PUBLIC HEALTH CLASSICS
J Anthony G Scott1
KEMRI Wellcome Trust Collaborative Research Programme, Centre for Geographic Medicine Research Coast, PO Box 230, Kilifi 80108, Kenya
Any reflection on history, even as recent as the past 20 years, invites a humble re-evaluation of the myth of human progress. In public health, progress has been made; certainly the number of children who die each year has declined progressively. However, rereading the work of scientists who investigated the major cause of death in childhood, acute respiratory tract infection (ARI), in the 1980s evokes an uncanny resonance with present-day concerns.
At that time, the attention of the global public health community was on oral rehydration therapy, universal immunization, promotion of breastfeeding and the use of growth monitoring charts.2 Lower respiratory tract infections (LRTIs) attracted relatively little attention. With considerable perspicacity, the Board of Science and Technology for International Development (BOSTID) at the National Academy of Sciences, United States of America, defined ARI as one of six priority areas for research funding in 1983 and convened an international ARI meeting. The participants identified three prerequisites for relevant research:
1. Studies should be undertaken in a wide variety of countries to give full geographical representation to the children of the developing world and they should be standardized to facilitate international comparisons.
2. The etiology of ARI should be investigated first because it would be essential for later research on prevention and case management.
3. The international research group should be coordinated by a centre that could provide technical assistance and quality control, and could foster active collaboration between investigators.3
Over the next 5 years, BOSTID undertook such a project, involving investigators from 12 sites who met on an annual basis to agree on clinical definitions, laboratory methods, study designs and analysis plans.
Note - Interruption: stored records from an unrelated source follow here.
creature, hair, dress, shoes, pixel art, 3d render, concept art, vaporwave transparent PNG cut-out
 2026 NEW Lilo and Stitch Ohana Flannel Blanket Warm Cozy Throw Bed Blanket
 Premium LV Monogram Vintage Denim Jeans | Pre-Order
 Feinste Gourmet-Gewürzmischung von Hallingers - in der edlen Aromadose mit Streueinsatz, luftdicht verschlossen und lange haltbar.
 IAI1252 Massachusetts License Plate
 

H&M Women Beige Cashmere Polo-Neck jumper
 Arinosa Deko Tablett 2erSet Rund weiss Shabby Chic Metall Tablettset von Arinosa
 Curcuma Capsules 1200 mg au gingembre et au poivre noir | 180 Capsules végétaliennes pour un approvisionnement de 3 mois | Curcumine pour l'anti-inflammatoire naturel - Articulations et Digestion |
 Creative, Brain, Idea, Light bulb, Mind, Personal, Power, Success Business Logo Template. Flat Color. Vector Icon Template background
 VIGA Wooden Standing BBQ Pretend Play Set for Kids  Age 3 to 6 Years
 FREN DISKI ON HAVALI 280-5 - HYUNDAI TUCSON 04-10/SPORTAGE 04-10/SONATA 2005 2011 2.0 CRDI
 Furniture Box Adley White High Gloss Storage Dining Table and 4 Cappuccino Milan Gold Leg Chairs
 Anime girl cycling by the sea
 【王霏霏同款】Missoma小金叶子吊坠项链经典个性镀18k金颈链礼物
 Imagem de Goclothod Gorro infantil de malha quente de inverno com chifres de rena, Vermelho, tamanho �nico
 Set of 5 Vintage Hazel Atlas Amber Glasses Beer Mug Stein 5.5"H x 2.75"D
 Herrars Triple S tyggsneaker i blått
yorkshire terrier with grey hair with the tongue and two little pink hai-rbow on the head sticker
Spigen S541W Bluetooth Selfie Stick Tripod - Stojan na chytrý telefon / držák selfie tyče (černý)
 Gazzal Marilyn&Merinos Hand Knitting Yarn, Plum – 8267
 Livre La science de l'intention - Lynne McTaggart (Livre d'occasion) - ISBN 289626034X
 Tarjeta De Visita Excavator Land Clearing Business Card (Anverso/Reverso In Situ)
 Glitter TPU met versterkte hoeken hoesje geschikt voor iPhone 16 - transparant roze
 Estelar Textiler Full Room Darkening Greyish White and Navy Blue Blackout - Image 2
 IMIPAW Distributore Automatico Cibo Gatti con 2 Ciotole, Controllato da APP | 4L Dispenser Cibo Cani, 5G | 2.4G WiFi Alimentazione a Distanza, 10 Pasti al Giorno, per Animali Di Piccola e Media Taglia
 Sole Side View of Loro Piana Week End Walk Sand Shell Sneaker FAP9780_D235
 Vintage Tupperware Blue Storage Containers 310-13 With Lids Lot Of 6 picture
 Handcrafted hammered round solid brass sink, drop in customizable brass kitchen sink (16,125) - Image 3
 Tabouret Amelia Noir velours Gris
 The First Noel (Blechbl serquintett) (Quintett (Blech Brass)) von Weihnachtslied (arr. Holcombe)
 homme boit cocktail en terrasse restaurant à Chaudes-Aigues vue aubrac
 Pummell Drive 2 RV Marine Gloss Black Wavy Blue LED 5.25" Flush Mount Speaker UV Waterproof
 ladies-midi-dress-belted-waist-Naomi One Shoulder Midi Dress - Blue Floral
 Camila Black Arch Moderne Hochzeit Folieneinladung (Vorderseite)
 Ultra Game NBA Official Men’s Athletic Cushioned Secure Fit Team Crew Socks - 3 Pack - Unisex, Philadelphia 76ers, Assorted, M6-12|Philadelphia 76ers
The results of the programme were published in 1990 in a supplement of the Reviews of Infectious Diseases. The supplement illustrates the wide diversity of research activities in the programme from community-based epidemiology to laboratory comparisons of antigen detection methods, evaluations of recent antibiotic exposure and pathological studies of postmortem specimens. The anchor of the supplement is the paper "The epidemiology of acute respiratory tract infection in young children: comparison of findings from several developing countries" by Beatrice Selwyn on behalf of the BOSTID investigator group, reporting a standardized analysis of the epidemiology of ARI in young children from 10 sites.1
It is a paper of truly astonishing ambition, combining 16 studies of upper and lower respiratory tract infections in both community- and hospital-based settings. It examines incidence, prevalence, duration, case-fatality and the effects of age, sex and season on the patterns of disease. It describes bacterial and viral etiology and interrogates the clinical signs of respiratory tract infections to define these diseases more accurately. It evaluates risk factors for respiratory tract infections across several sites, including mother's age and education, weight-for-age percentiles, and crowding and smoking in the household. The hospital-based studies alone reported nearly 4000 episodes of ARI and the eight community-based cohort studies each included reports of between 8000 to 93 000 home visits.
The key findings of the analysis were:
1. The incidence of LRTIs varied forty-fold across the sites but the incidence of all respiratory tract infections (upper and lower combined) was remarkably consistent.
2. The incidence and case-fatality of LRTIs were consistently higher among younger children aged < 18 months.
3. The prevalence of ARI symptoms, at any one time, was 2240%.
4. Viruses caused more episodes of ARI than did bacteria.
Respiratory syncytial virus was the commonest viral cause of LRTIs and Streptococcus pneumoniae (pneumococcus) and Haemophilus influenzae were the commonest bacterial causes. A significant fraction (one-third in one hospital) of all H. influenzae infections were nontypeable.
Not all of the insights of the BOSTID research group could be summarized in a single paper or even a supplement. The programme provided an intellectual forum in which many lines of enquiry were distilled.2 The complete lack of understanding of how or why children die from pneumonia was identified as a critical future research question. The pathogenesis of ARI, including the complex synergism between viral and bacterial pathogens, was a second significant area. The investigators believed that understanding the mechanisms that controlled the magnitude and selectivity of the human inflammatory response would offer practical opportunities to influence disease outcome. This insight would need to be augmented by knowledge of the modulating effects of nutritional status and immune deficiency. The role of access to health care, and the quality of that care, in the outcome of disease was a third significant area of research that was likely to be fruitful.2 The list is strikingly similar to an evaluation of the research required to tackle pneumonia today.4 With the exception of oxygen therapy for severe pneumonia and zinc supplementation to prevent disease, there has been little clinical amelioration of pneumonia through developments in clinical science in 20 years.
The reasons for this apparent neglect probably lie with subsequent advances in public health policy and vaccine development. In 1991, WHO formulated its case-management strategy for pneumonia. The strategy was driven by bacteriological studies, particularly those incorporating lung aspirates, which identified pneumococcus and H. influenzae type b (Hib) as the dominant causes of severe and fatal pneumonia. These infections were treatable with cheap and widely available antibiotics. The policy was designed to identify patients with the syndrome of pneumonia at an early stage, often without a doctor's examination, and to initiate treatment with life-saving antibiotics. Studies undertaken around this time indicated that the case-management approach was capable of reducing all-cause mortality in children aged < 5 years by 2024%.5 Access to antibiotics has improved generally over the past 15 years but the fact that two million children still die of pneumonia each year suggests that the potential of this policy was never fully realized.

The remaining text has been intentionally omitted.